小説書きでミニチュアゲーマーが何の生産性もない無益なことばかり延々とくっちゃべってるブログ

ホォーウ!

「怒りを胸に沈めてはならぬ。怒りは両足に込めて、己を支える礎とせよ」
覚悟のススメ山口貴由
荒廃した未来の東京を舞台に、強化外骨格と呼ばれる鎧を着装する主人公が、異形の鬼たちと死闘を繰り広げるバトル漫画である。熱い。とにかく熱い。力持たぬ人々のために戦うこと。友のために身を呈すること。最近では「泥臭い」とか「偽善」とか嘲笑されがちなこれらの行いが、これほどまでにカッコイイことだったとは! ラストまで読み終えた感想は、「感動」の一言につきる。バトル描写も逸品で、「おぉ、なるほど!」と思える奇抜な戦法で並みいる強敵を次々と撃破であり、非常に燃え。あと、カウンター技を「因果」と呼称するセンスとかカッコイイ。ラストバトルなどは、静と動の演出が効果的に機能し、神々しいまでに美しく、壮絶だ。作品全体の雰囲気は独特、というか奇形である。人物や風景の絵柄は漫画らしくデフォルメされているものの、内臓の質感だけが妙にリアルだ。敵であるところの『戦術鬼』たちは、どいつもこいつも人間の汚い部分を極端に誇張した醜悪な戯画のような姿をしている。美形な人物も登場するが、そもそも女性読者が喜ぶような絵柄ではないのでそっちの人気も期待できまい。あとなんか全体的にホモ臭い。敵アジトに乗り込んだ主人公を、悪の大ボス(男)が、教会みたいな部屋でウェディングドレスを纏いながら待ち受けているる漫画なんて、これぐらいのものであろう(しかもギャグ風に描かれているわけでもない!)。

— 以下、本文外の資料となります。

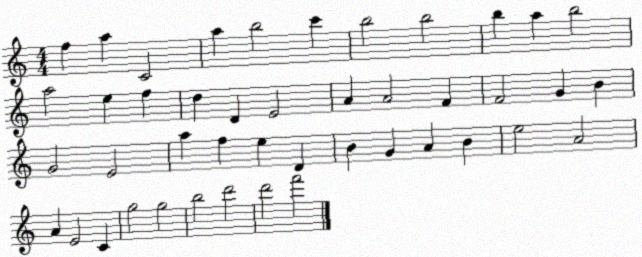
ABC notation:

X:1
T:Untitled
M:4/4
L:1/4
K:C
f a C2 a b2 c' b2 b2 b a b2 a2 e f d D E2 A A2 F F2 G B G2 E2 a f e D B G A B e2 A2 A E2 C g2 g2 b2 d'2 d'2 f'2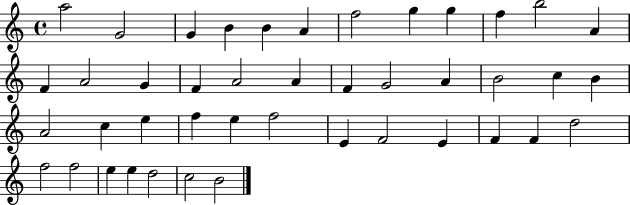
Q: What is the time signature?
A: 4/4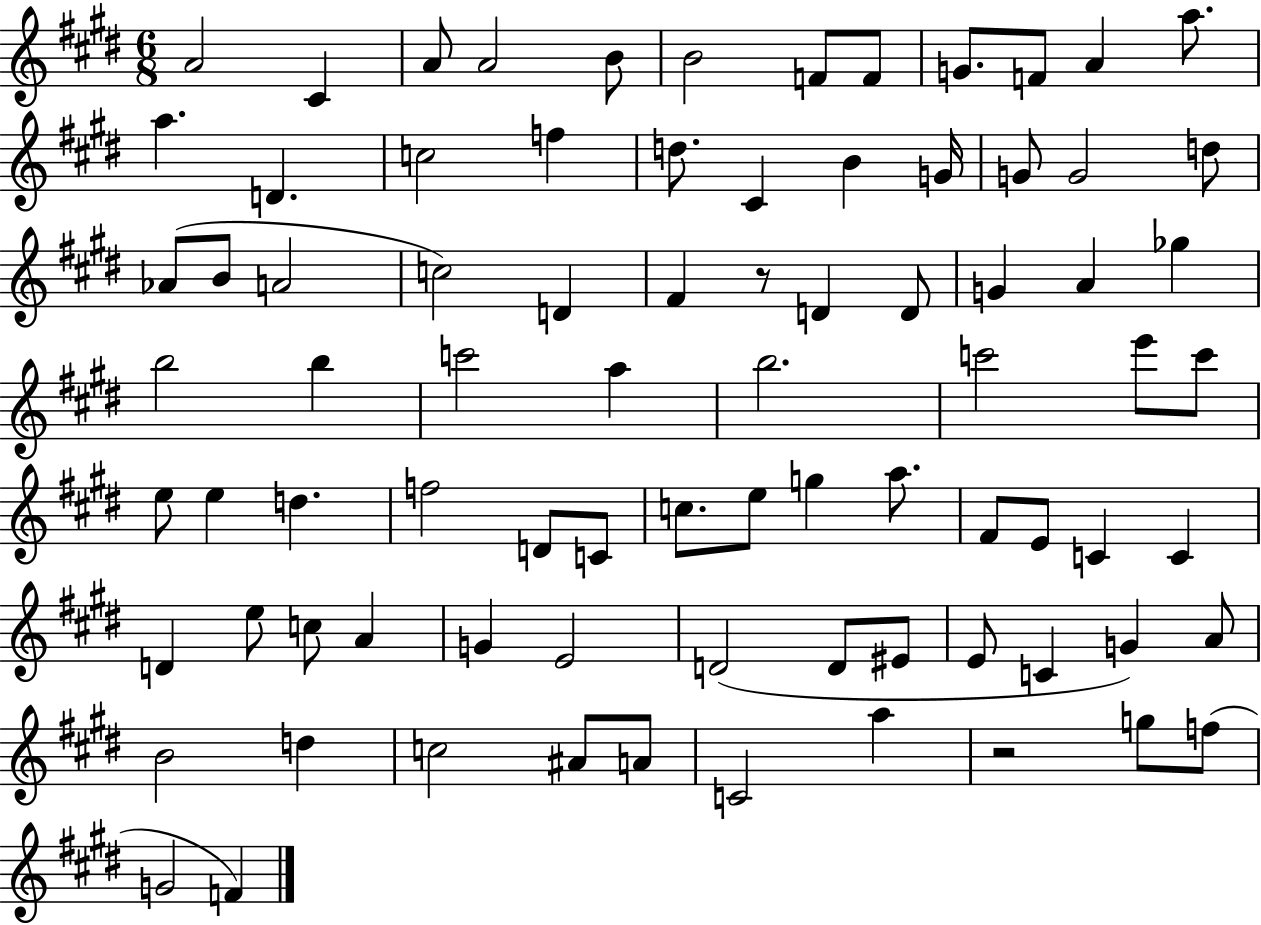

ついでに言うと登場人物たちの台詞一つ一つが妙に右に傾いており、えもいわれぬ軍国テイストを醸し出している。総じて、一体どういう客層を狙って描かれている作品なのかサッパリわからないのだが、慣れてくるとそんな奇怪な要素ですら味に思えてくる。きっと作者が魂の赴くままペンを走らせた結果なのだろう。どこか古風で歌舞伎のような台詞回しもピタリとはまり込んでおり、名言の数々には痺れること請け合い。男児であれば読むべし! 女児も、まぁ、なるべく読むべし!